David Thornton Moore

David Thornton Moore

Associate Professor

B.A. 1969, Amherst College; M.S.W. 1971, Pennsylvania; Ed.D. 1977, Harvard

David Thornton Moore, an anthropologist of education and work, studies the process by which people learn outside of classrooms, especially in workplaces. He has done extensive research and writing on experiential learning, internships, and service learning at the high school and college levels. His work has been published in such journals as Harvard Educational Review, Anthropology and Education Quarterly, and Learning Inquiry. He coauthored Working Knowledge: Work-Based Learning and Education Reform (RoutledgeFalmer, 2004) and was named Researcher of the Year by the National Society for Experiential Education in 2004. He has given invited talks on experiential learning at such schools as Williams College, Princeton University, and Queens College and has twice been the keynote speaker at the Martha's Vineyard Institute on Experiential Education.
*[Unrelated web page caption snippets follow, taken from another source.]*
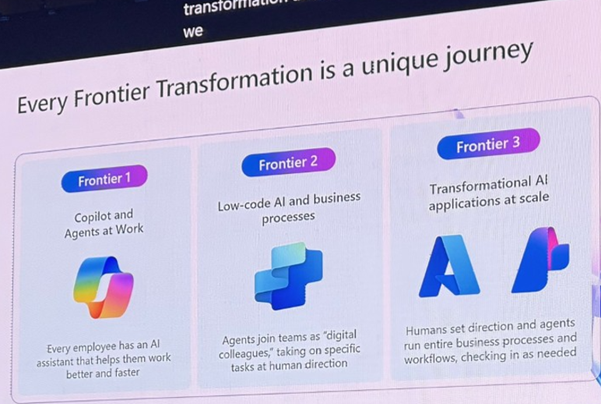 Every Frontier Transformation is a unique journey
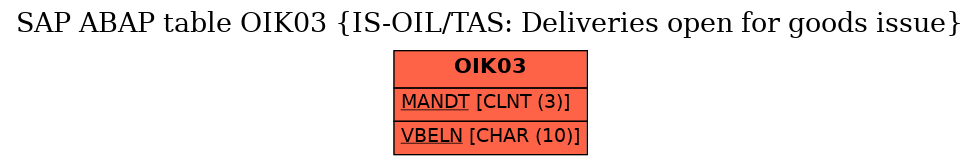 E-R Diagram for table OIK03 (IS-OIL/TAS: Deliveries open for goods issue)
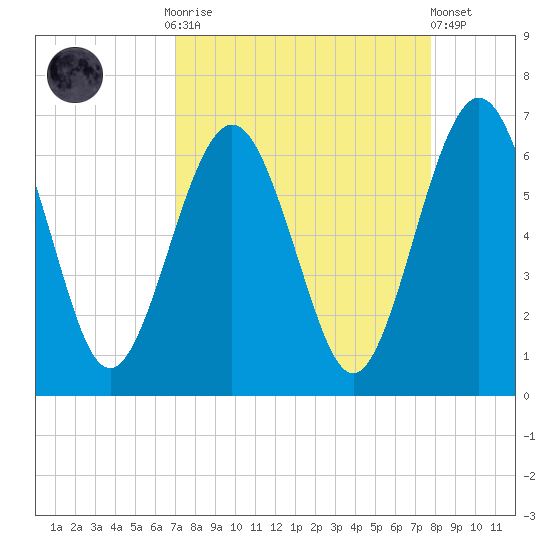 Crooked River tide chart for Monday, September 2, 2024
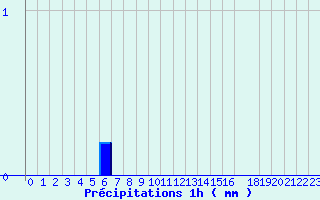 Diagramme des prcipitations pour Valognes (50)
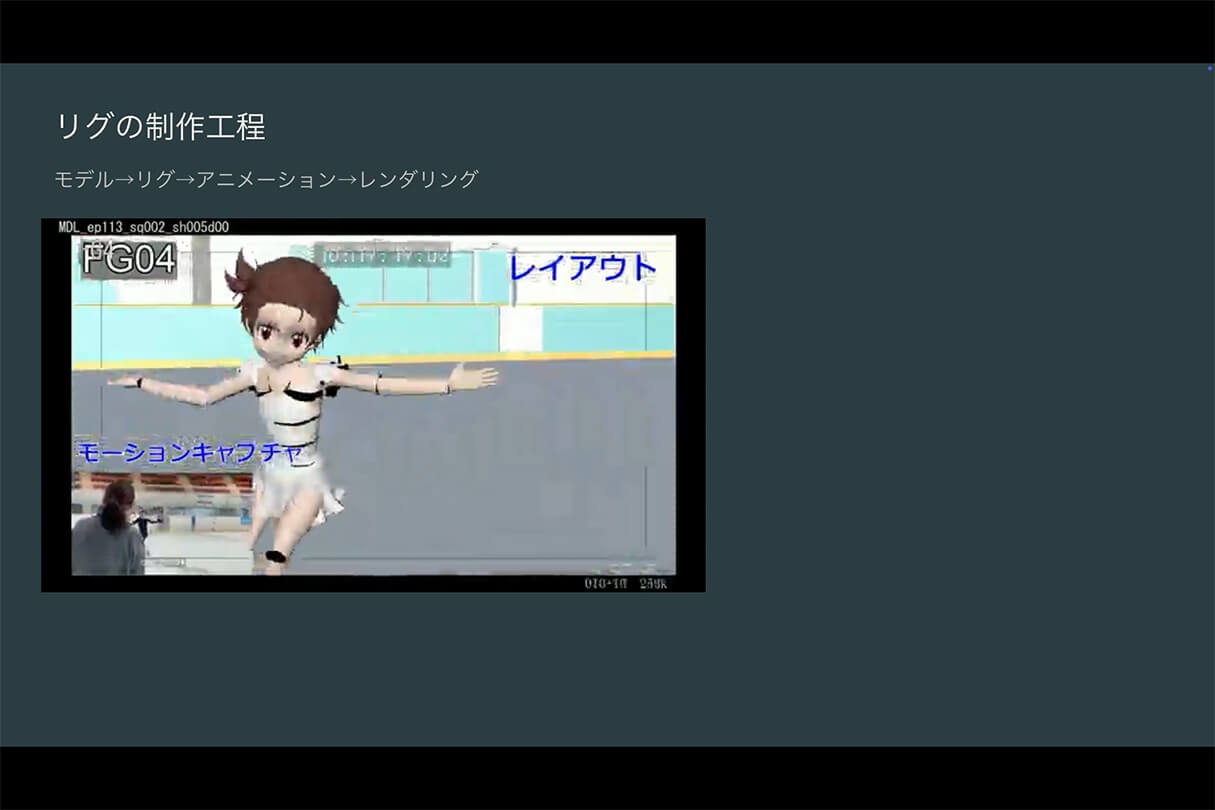 株式会社ENGIによるTVアニメ『メダリスト』のキャラクターリギング解説16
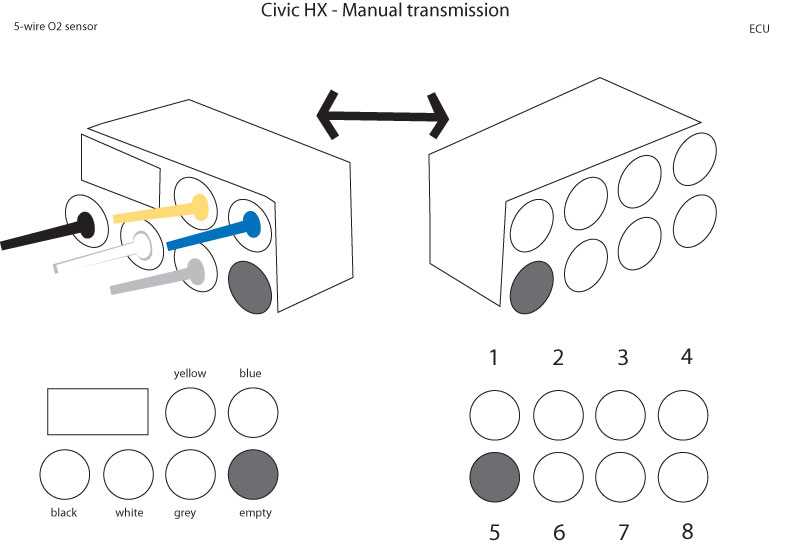 4 wire oxygen sensor wiring diagram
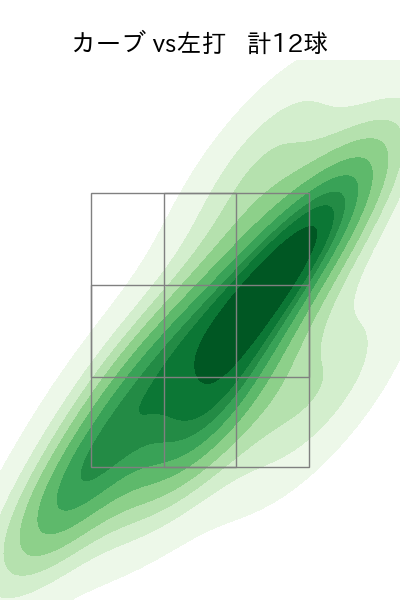 遠藤 淳志 配球ヒートマップ(2023年4月)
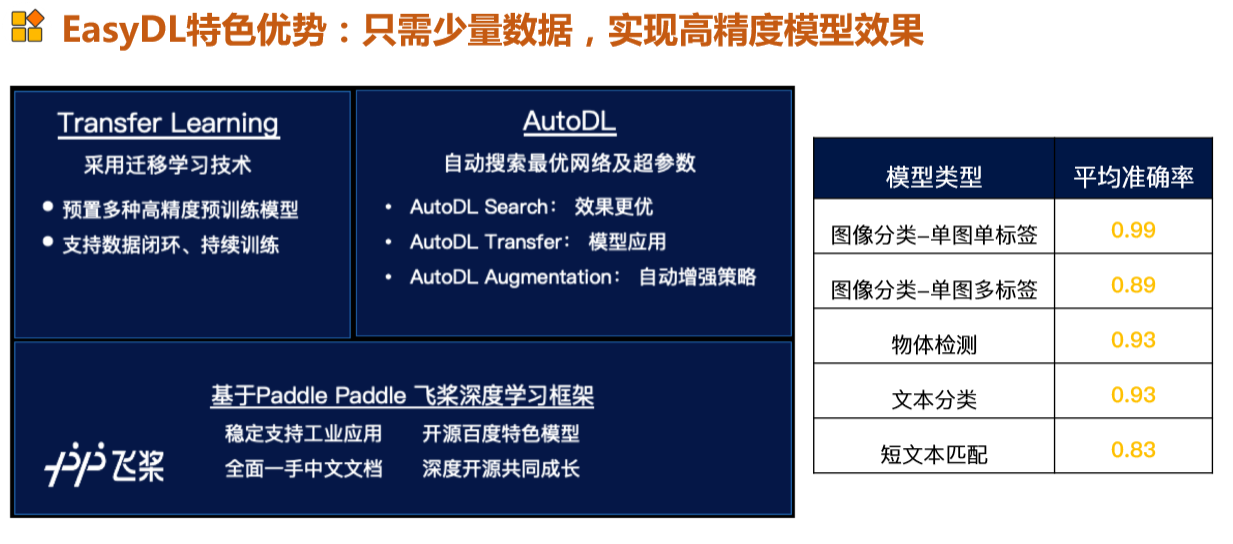 飞桨AI课程干货--带你开启新世界的大门！jsonOuDiShenmiss的博客-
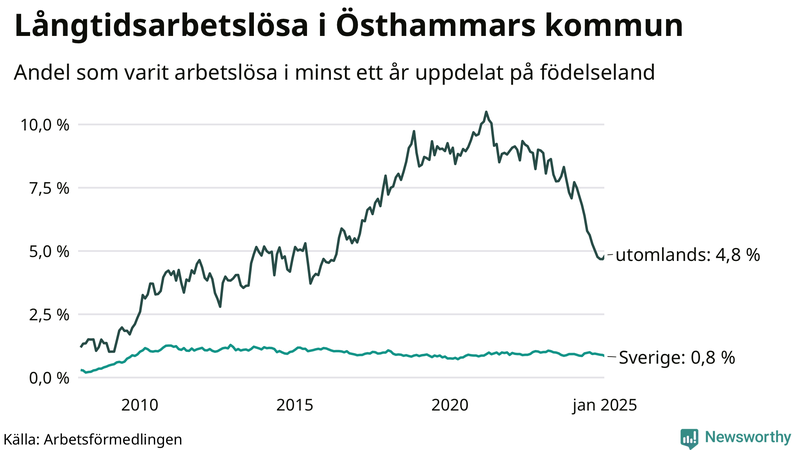 Graf: Andel arbetslösa uppdelat på födelseland i Östhammar
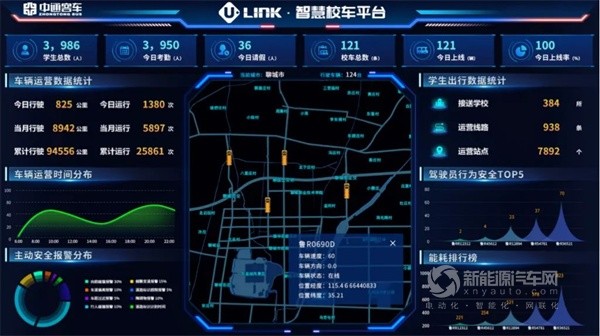 中通客车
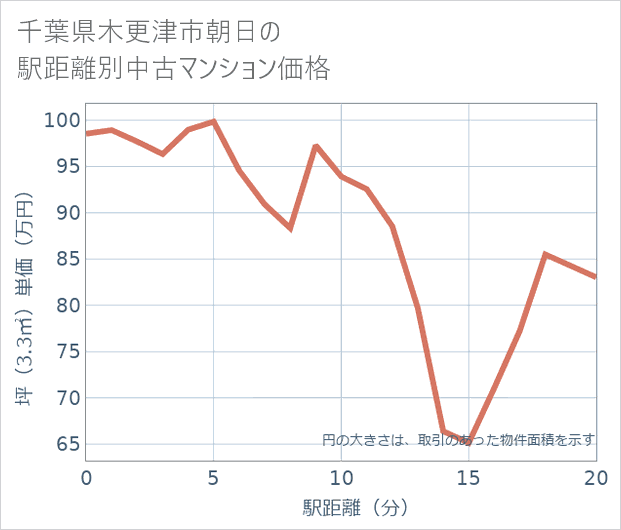千葉県木更津市朝日の徒歩距離別の中古マンション坪単価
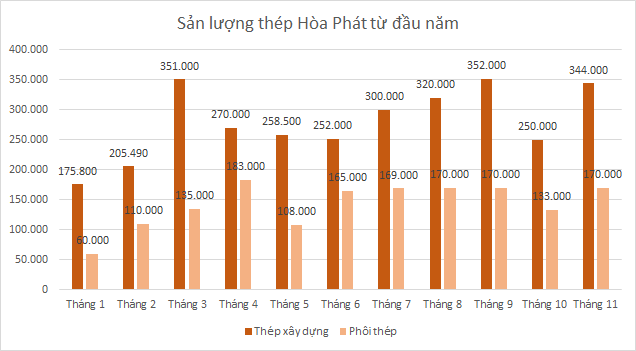 hpg-thang11-9216-1606967932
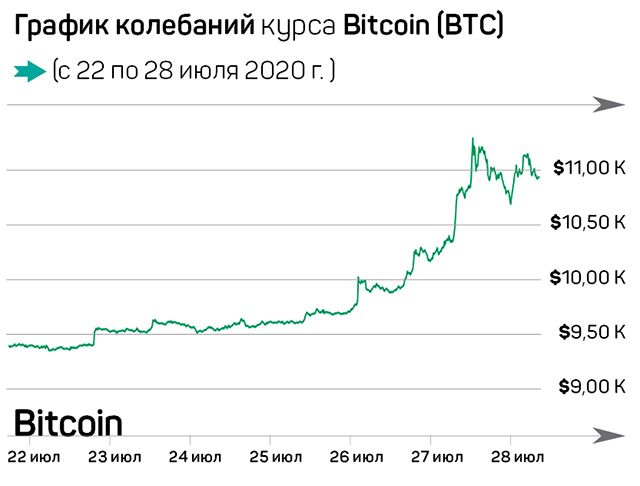 Жаркая неделя на крипторынке 379812 - Kapital.kz 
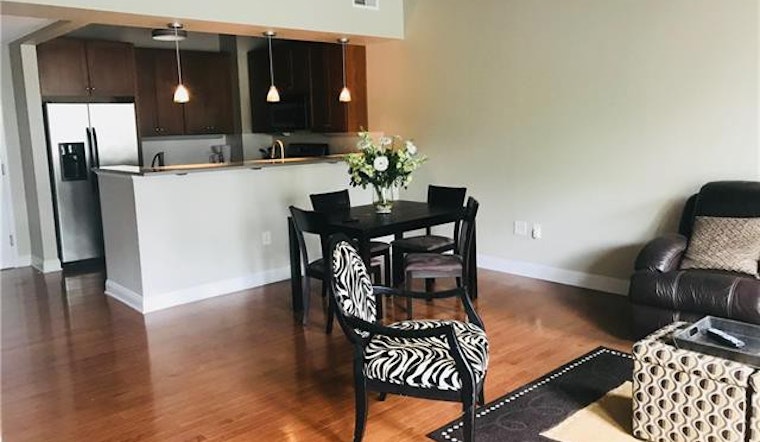 Renting in Charlotte: What might $1,500 get you?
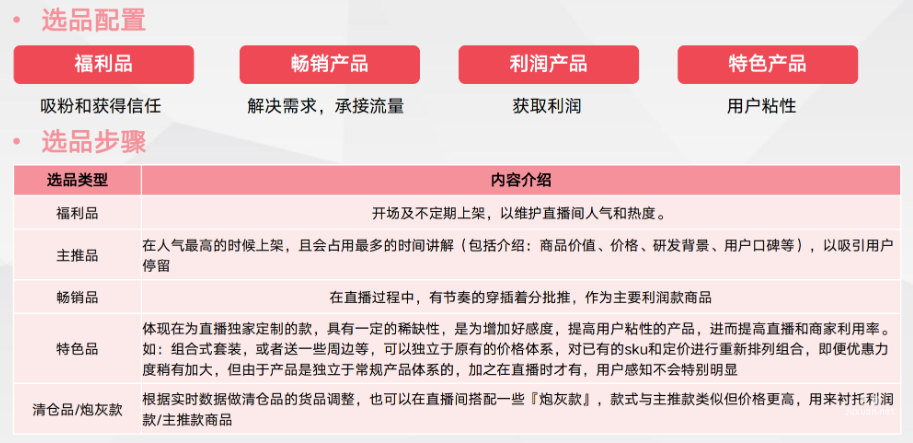 百度直播電商三大核心一『貨」選品配置及步驟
His current research explores the relationship between learning in the workplace and learning in school, particularly the process by which one informs the other. His Gallatin courses have focused on the concepts of learning, experience, and community, as well as on research methods and the history of social thought; he also teaches a course on everyday life. He is one of the organizers of Gallatin's Community Learning Initiative, and he served for more than five years as the Associate Dean of the Gallatin School.